Film / Video Reviews
Bowling For Columbine DVD review
Aug 19, 2003, 19:23

BOWLING FOR COLUMBINE directed by Michael Moore; MGM, 2003

The world according to the movies of Michael Moore is a very simple one. To the tips of his stubby fingers, Moore is a Manichean, suffusing his films with an obstinately good vs. evil take on humanity. While Moore himself would admit to being the least introspective of directors, he's doubtless much smarter than this. A smidgen of effort, and surely he could conceive of George Bush or Roger Smith as redeemable human beings. But to present them as sympathetic persons, men who in one or more aspect of their lives evince some good (perhaps they're nice uncles?), would defeat his purpose as a film-maker. The behavior of the powerful men he loves to bait is system-sanctioned and therefore beyond his reach. Likely, the black and white configuration of reality in his films doesn't reflect Moore's view of life so much as it serves as a useful position to assume in propaganda. He's not interested in the irreducible truth, if there is indeed such a thing, but rather subscribes to a form of pragmatism that conveniently ignores much in favor of emphasis on direct action. Whether you're a leftie or not, how much this particular (non?) philosophy corresponds to your own predilections will determine how well you respond to the Moore aesthetic.

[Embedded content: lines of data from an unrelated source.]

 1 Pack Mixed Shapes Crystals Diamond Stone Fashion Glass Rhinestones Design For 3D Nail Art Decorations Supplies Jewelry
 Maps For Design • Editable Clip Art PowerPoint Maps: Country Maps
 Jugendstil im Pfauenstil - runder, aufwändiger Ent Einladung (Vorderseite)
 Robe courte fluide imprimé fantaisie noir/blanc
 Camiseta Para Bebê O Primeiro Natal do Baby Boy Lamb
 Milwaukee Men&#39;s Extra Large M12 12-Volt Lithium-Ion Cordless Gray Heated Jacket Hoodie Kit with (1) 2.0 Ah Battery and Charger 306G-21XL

In a sense, he's not all that different from the most textbook example of Hollywood system directing. Politics aside, both it and what I'll call the “Moore-system” look to elicit stock responses, and will go to shameless, often embarrassing lengths to

ensure that the desired emotions are thoroughly stirred. The results, unsurprisingly, make for frequently terrible, often dishonest film. But in the face of low wages, mass layoffs, minors bearing firearms, etc., Moore asks: “Who cares?”

Moore's abiding populism is both an asset and weakness. On one hand, it's refreshing that he at least believes in something, ie people. So even though we let out a collective groan as, amidst clip after clip of violent atrocities, the soundtrack blares “What A Wonderful World” in a characteristic fit of Moorian, uh, wit and juxtaposition, you can't hate him so much because he's genuinely, righteously pissed. In contrast, there's no missing the indulgent smugness of Stanley Kubrick when he condemns humanity to a slow, torturous death to a background of classical music in just about any one of his films.

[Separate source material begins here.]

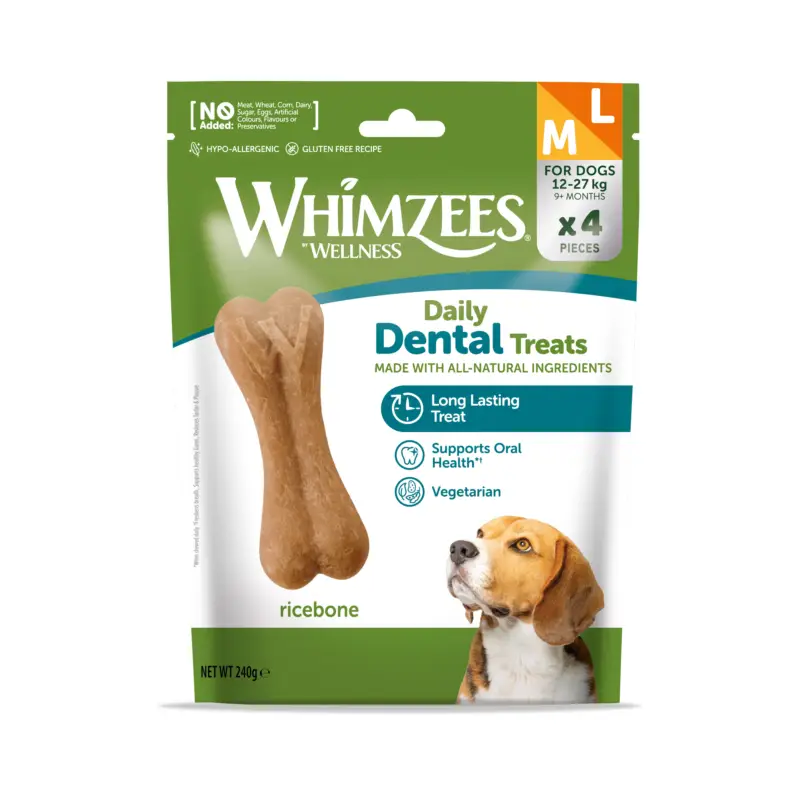 Whimzees – Friandises Dental Treats Os de riz pour Chiens – M/L Meilleur Prix
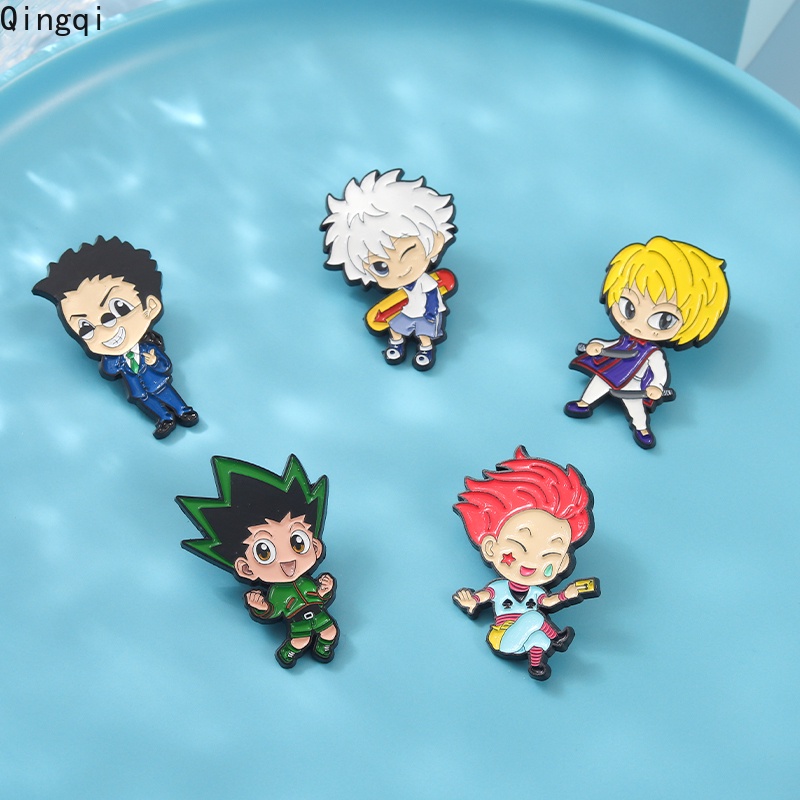 5pcs / Set Bros Pin Enamel Desain Karakter Anime Demon Slayer HUNTERXHUNTER Untuk Hadiah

Moreover, Moore's choice of a popular American idiom like jazz over the cold, aloof elitism of Beethoven's Ninth, while seemingly insignificant, only strengthens his man-of-the-people persona. And make no mistake, the version of Moore presented on camera is a persona. A facade all too eager to invade every scrap of celluloid can't be denied; but Moore, defender of the downtrodden, in his frumpish, blue-collar pose, is a somewhat likeable creation. There's no attempt made to drape his paunch in a whole lot of artist mystique. But enough about Kubrick.

For such a populist director, though, Moore sometimes doesn't give his audience's intelligence its fair due. There's an obsequious tone that nags at the viewer throughout Columbine; it's unmistakably present in his interaction with Canadians, where his questionable findings in my home and native land strike me as being too easily affirming. They're the sort of scenes where we're all supposed to get the fuzzies because, by virtue of being Canadian, we've earned the privilege, but even a moment's reflection will tell you that the sentiment is cheap.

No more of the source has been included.